Within the lines below, find those that hold the string "House" and copy each one.
++++++++++++++++++++
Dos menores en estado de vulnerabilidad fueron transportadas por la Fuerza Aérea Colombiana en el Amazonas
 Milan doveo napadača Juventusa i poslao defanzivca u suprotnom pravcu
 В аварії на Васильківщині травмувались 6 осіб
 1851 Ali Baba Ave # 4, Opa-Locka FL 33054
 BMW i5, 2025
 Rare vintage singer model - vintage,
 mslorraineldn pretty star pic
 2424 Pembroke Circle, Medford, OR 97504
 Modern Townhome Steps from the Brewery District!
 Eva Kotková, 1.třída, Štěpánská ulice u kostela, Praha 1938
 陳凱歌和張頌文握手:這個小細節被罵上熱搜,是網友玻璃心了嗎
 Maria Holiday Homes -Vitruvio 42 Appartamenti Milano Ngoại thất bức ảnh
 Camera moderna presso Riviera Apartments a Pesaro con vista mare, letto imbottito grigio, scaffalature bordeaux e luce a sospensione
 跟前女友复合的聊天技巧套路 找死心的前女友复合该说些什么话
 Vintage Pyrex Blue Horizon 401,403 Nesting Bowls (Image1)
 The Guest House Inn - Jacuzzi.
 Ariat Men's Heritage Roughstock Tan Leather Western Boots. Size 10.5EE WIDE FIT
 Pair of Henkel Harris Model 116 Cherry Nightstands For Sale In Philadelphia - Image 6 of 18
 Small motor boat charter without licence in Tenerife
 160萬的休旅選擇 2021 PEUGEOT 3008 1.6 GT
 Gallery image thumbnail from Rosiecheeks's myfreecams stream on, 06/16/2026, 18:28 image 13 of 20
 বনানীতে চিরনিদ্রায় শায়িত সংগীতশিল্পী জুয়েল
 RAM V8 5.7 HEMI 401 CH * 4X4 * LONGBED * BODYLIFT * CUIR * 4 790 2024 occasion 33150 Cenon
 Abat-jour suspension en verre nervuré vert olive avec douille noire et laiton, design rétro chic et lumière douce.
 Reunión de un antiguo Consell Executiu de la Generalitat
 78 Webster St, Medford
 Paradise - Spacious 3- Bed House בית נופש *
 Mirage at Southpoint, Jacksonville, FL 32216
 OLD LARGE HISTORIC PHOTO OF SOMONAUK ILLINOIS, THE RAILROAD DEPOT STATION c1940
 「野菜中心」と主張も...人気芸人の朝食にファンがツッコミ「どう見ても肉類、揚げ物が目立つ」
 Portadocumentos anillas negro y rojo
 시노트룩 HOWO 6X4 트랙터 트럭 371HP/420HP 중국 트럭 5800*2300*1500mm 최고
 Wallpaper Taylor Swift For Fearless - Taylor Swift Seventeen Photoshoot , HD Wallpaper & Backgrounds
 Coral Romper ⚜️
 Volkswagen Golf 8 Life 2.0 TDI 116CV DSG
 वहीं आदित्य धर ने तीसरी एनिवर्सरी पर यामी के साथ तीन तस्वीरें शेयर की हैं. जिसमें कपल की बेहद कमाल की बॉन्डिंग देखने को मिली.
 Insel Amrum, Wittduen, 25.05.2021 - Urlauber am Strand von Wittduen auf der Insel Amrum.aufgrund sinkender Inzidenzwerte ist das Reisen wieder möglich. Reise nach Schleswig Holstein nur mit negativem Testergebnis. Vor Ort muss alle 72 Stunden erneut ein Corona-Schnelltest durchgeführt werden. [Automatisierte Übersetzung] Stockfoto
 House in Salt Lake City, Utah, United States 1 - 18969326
++++++++++++++++++++
**SOLUTION FOR THIS PROBLEM**
 The Guest House Inn - Jacuzzi.
 Paradise - Spacious 3- Bed House בית נופש *
 House in Salt Lake City, Utah, United States 1 - 18969326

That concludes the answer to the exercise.